Of course, if it were more socially acceptable to spend more time in a day eating, life might be easier. 

With all this in mind, maybe the question to ask now concerns whether Master Chef is the most evolutionarily advanced show. Either way, now that you have finished reading this article, you ought to reward your tired brain with some cooked food!

References

[1] Attiwell, Peter M., and Mark A. Adams. 1996. Nutrition of Eucalypts. Collingwood, Vic.: CSIRO.
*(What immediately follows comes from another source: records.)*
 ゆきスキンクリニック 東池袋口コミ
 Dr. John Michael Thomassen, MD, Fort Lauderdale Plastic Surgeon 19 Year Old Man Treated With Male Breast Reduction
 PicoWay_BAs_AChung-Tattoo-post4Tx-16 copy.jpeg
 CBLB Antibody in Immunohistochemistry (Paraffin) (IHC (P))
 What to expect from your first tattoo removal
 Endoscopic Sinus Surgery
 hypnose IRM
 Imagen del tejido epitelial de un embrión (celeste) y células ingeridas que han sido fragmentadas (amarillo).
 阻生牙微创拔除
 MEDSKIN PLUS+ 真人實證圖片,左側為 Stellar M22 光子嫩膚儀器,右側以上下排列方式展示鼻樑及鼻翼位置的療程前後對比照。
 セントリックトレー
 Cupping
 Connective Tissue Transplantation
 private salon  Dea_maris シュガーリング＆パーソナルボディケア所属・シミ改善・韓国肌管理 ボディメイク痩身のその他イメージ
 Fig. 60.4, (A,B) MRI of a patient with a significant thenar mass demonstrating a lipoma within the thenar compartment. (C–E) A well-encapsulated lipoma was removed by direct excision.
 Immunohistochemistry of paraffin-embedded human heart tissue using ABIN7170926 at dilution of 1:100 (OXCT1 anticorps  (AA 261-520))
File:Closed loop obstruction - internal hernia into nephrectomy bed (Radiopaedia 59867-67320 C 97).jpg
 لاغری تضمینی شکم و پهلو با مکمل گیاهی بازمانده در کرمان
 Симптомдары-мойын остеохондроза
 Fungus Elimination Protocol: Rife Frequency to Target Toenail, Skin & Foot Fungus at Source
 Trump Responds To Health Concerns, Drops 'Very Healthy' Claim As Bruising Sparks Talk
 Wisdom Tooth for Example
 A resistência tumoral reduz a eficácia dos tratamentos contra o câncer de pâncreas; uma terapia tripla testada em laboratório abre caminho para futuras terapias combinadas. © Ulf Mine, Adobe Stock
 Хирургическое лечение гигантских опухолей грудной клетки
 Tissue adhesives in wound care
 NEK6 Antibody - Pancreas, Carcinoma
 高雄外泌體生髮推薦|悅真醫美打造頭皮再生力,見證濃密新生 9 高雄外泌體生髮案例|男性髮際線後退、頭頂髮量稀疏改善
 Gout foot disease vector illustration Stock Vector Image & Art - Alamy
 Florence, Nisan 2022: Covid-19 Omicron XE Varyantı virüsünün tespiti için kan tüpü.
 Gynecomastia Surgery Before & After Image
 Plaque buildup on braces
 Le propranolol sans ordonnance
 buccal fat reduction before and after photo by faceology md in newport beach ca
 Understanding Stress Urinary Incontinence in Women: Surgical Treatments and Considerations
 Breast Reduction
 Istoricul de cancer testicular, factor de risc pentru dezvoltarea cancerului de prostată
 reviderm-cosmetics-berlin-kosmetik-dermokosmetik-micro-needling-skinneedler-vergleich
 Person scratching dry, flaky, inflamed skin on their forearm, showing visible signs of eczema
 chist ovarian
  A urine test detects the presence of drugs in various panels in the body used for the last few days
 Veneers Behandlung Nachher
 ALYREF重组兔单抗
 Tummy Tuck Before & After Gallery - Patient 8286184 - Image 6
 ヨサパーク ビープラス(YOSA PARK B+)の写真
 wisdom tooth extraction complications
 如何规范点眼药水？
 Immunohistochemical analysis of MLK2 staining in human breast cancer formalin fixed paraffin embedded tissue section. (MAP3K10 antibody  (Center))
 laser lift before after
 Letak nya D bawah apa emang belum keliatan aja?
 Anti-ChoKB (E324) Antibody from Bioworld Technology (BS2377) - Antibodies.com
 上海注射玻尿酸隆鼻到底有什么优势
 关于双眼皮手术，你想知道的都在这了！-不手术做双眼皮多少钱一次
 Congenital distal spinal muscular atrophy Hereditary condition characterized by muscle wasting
[2] Lanyon, Janet M., and G. D. Sanson. 1986. “Koala (Phascolarctos Cinereus) Dentition and Nutrition. II. Implications of Tooth Wear in Nutrition.” Journal of Zoology 209 (2): 169–181. doi:10.1111/j.1469-7998.1986.tb03573.x.

[3] Xue, Zhengsheng, Wenping Zhang, Linghua Wang, Rong Hou, Menghui Zhang, Lisong Fei, Xiaojun Zhang, et al. 2015. “The Bamboo-Eating Giant Panda Harbors a Carnivore-Like Gut Microbiota, with Excessive Seasonal Variations.” MBio 6 (3). doi:10.1128/mbio.00022-15.

[4] Boyer, Doug M., and Arianna R. Harrington. 2018. “Scaling of Bony Canals for Encephalic Vessels in Euarchontans: Implications for the Role of the Vertebral Artery and Brain Metabolism.” Journal of Human Evolution 114: 85–101. doi:10.1016/j.jhevol.2017.09.003.

[5] Aiello, Leslie C., and Peter Wheeler. 1995. “The Expensive-Tissue Hypothesis: The Brain and the Digestive System in Human and Primate Evolution.” Current Anthropology 36 (2): 199–221. doi:10.1086/204350.

[6] Fonseca-Azevedo, K., and S. Herculano-Houzel. 2012. “Metabolic Constraint Imposes Tradeoff between Body Size and Number of Brain Neurons in Human Evolution.” Proceedings of the National Academy of Sciences 109 (45): 18571–18576. doi:10.1073/pnas.1206390109.

[7] Gowlett, J. A. J. 2016. “The Discovery of Fire by Humans: a Long and Convoluted Process.” Philosophical Transactions of the Royal Society B: Biological Sciences 371 (1696): 20150164. doi:10.1098/rstb.2015.0164.